They pushed out of the jail with the drunkard Doolin, who’d snatched a pistol from the Sheriff’s desk, following. Immediately they were in the middle of a scuffle, as some locals ‘friendly’ to the Sheriff took upon themselves to join the excitement. One of the Thompson brothers was in the mix, but a well aimed shot from Curly laid him low. Doolin was completely disoriented, years of alcohol (and stronger) imbibing having taken what little good sense he once had. He aimed at the Shoshone, but his gun clicked empty… it might be one of the Sheriff’s fancy shooters, but it wasn’t much use without bullets. Mickey saw this confused treachery unfold and knocked Doolin unconscious, with his heavy pistol. “Let’s get outta Stodge”, he yelled and ran to catch Billy Suggar. A boom echoed around the buildings and Suggar stumbled to the ground in a cloud of red mist.
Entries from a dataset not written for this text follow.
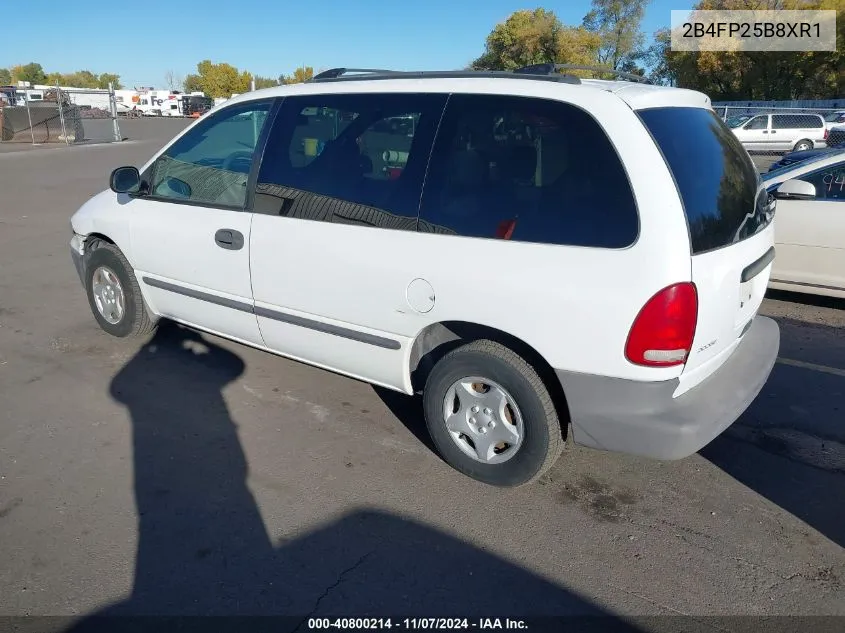 1999 Dodge Caravan VIN: 2B4FP25B8XR1 Lot: 40800214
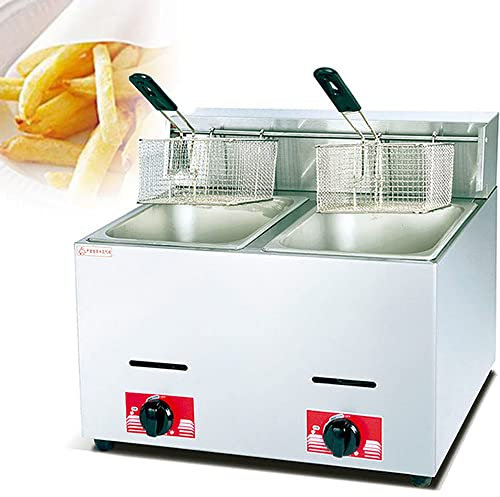 SHENGSHIYU Friteuse à Gaz Commerciale à Réservoir Simple/Double 6l/12l, Friteuse Extérieure Professionnelle en Acier Inoxydable De Grande Capacité, Restaurant, Supermarché,Two-cylinderfryer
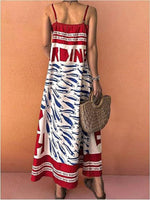 Sardine Print Spaghetti Strap Maxi Dress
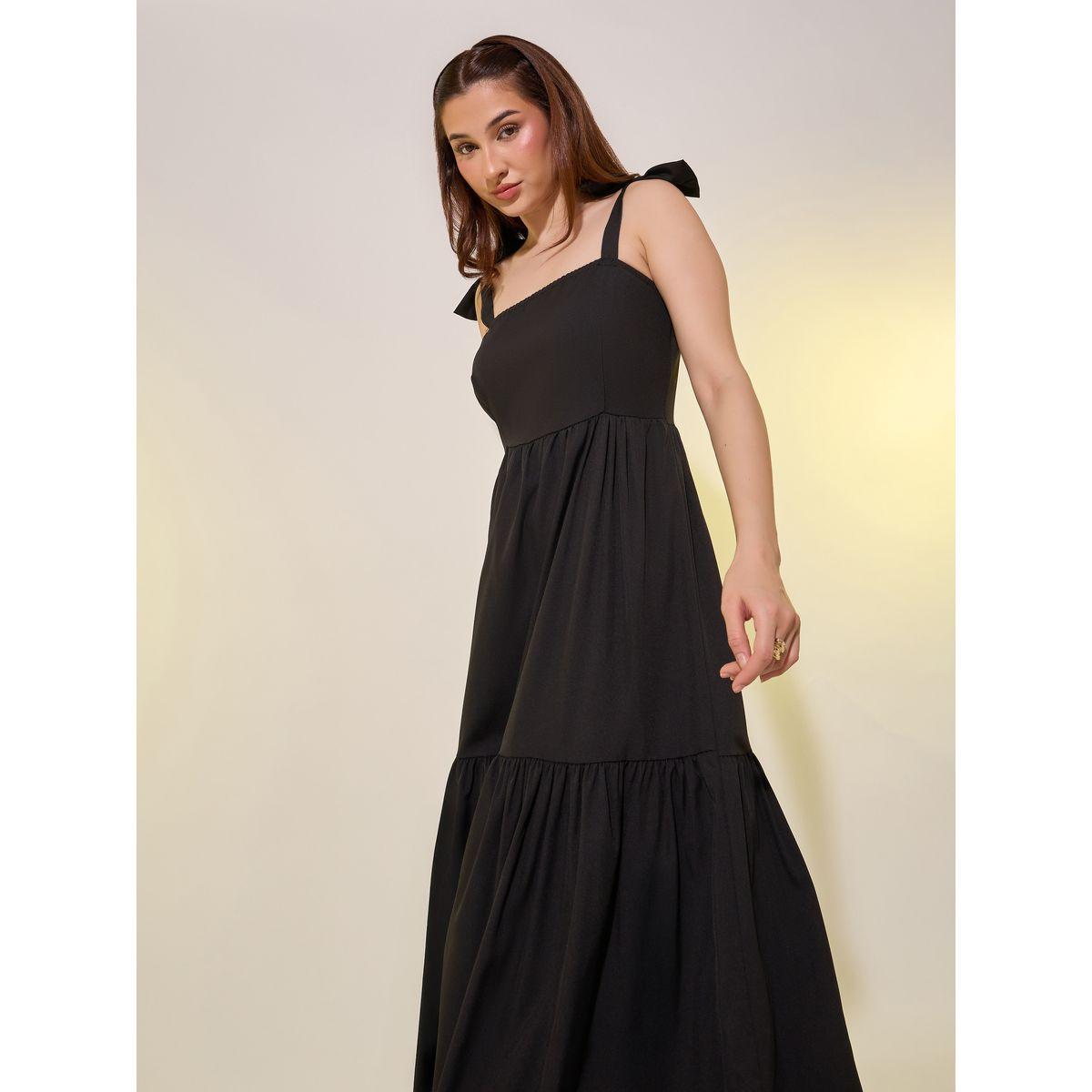 فستان ميدي سادة بحمالات وحافة واسعة-women-clothing-dresses-image-3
Shaw, the youngest of the self-proclaimed lawmen, stood not 10 paces from him, his breeches around his ankles and a smoking sawn off in his hands.

Mickey raised his pistol to take out Shaw, but before he could the shotgun wielding youngster ducked back into the out house he had emerged from. “That’s my boy”, came a distraught cry from a woman in a purple frock. She hastened to the downed Suggar. Mickey, recognising Billy’s Ma, ran to assist he. Shaw, fully dressed and fully loaded, reemerged from the out house. In an act of callus distain, Shaw unloaded both barrels into the stricken Billy, his Ma and Mickey. The latter two ended up sprawled on the ground beside the man they’d tried to help.

Little Voice rarely spoke, but this outrage brought a rare outburst, “Thompson. Your brothers are dead or dying. Your actions bring dishonour to your name. I demand a reckoning”. Curly placed the pistol back into his waist band and slowly paced backwards along the alley. Shaw dropped his shotgun and walked to take position opposite the Shoshone, his hand hovering over his holstered pistol. Shaw’s hand dropped, but not fast enough. I less than the blink of an eye Curly had drawn and fired. Shaw fell, a smoking hole in the centre of his forehead. The reign of the Thompsons was ended. This was little solace to Little Voice. The white man still swarmed his people’s lands.

We decided to replay the finale of our campaign with a different ruleset, namely (un-namely), The Rules With No Name. They offered a fun and dynamic experience. I hope the narrative above gives a glimpse of how much fun we had. I’d like to thank Stiubhart for setting up and running this campaign. His hosting, terrain and models were all of a very high standard. I look forward to playing more Wild West games in the future.